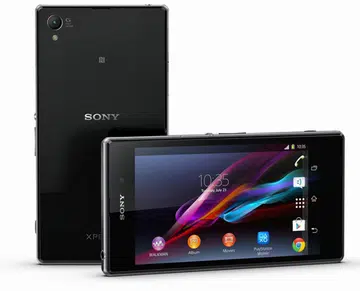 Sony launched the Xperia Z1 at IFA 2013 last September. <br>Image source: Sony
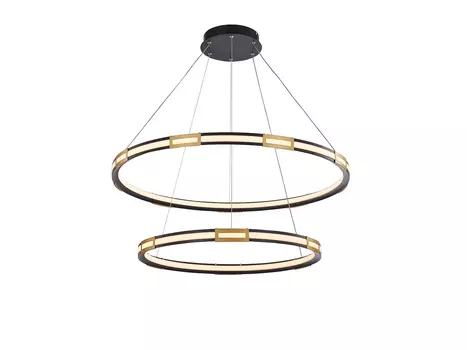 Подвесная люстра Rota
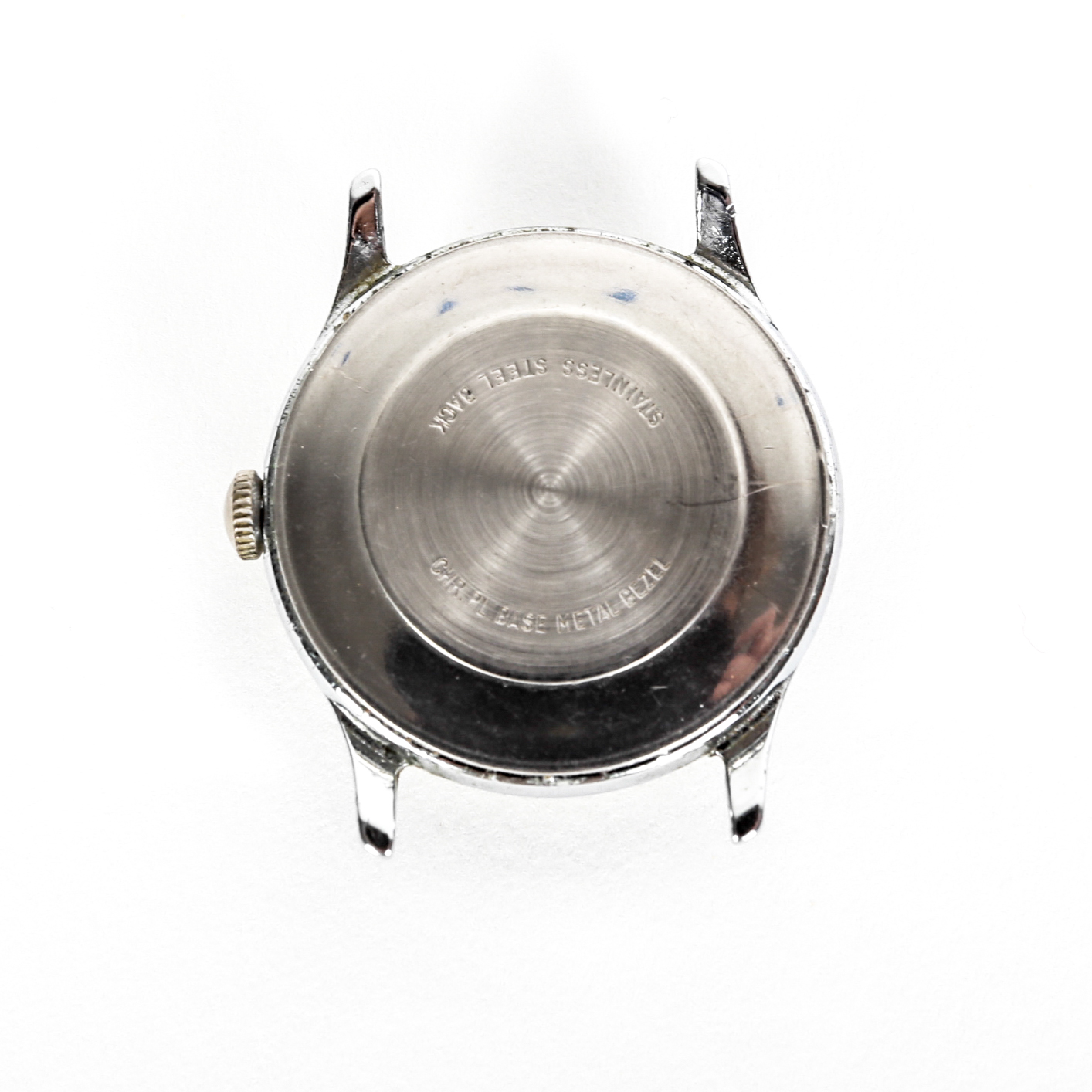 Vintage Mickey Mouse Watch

● ● ● ●

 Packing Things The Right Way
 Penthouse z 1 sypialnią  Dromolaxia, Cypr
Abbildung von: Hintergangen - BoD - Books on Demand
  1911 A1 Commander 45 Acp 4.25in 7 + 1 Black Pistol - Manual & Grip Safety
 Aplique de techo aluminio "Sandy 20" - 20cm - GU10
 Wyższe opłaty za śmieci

● ● ● ●

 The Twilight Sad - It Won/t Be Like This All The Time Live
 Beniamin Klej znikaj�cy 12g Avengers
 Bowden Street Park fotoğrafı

● ● ● ●

### TASK STATEMENT
Please set down, exactly and with no pictures, the lines in the entries above starting at the one holding "Sony launched the" and ending at the one holding "Vintage Mickey Mouse Watch", ends included.

### PROBLEM SOLUTION
 Sony launched the Xperia Z1 at IFA 2013 last September. <br>Image source: Sony
 Подвесная люстра Rota
 Vintage Mickey Mouse Watch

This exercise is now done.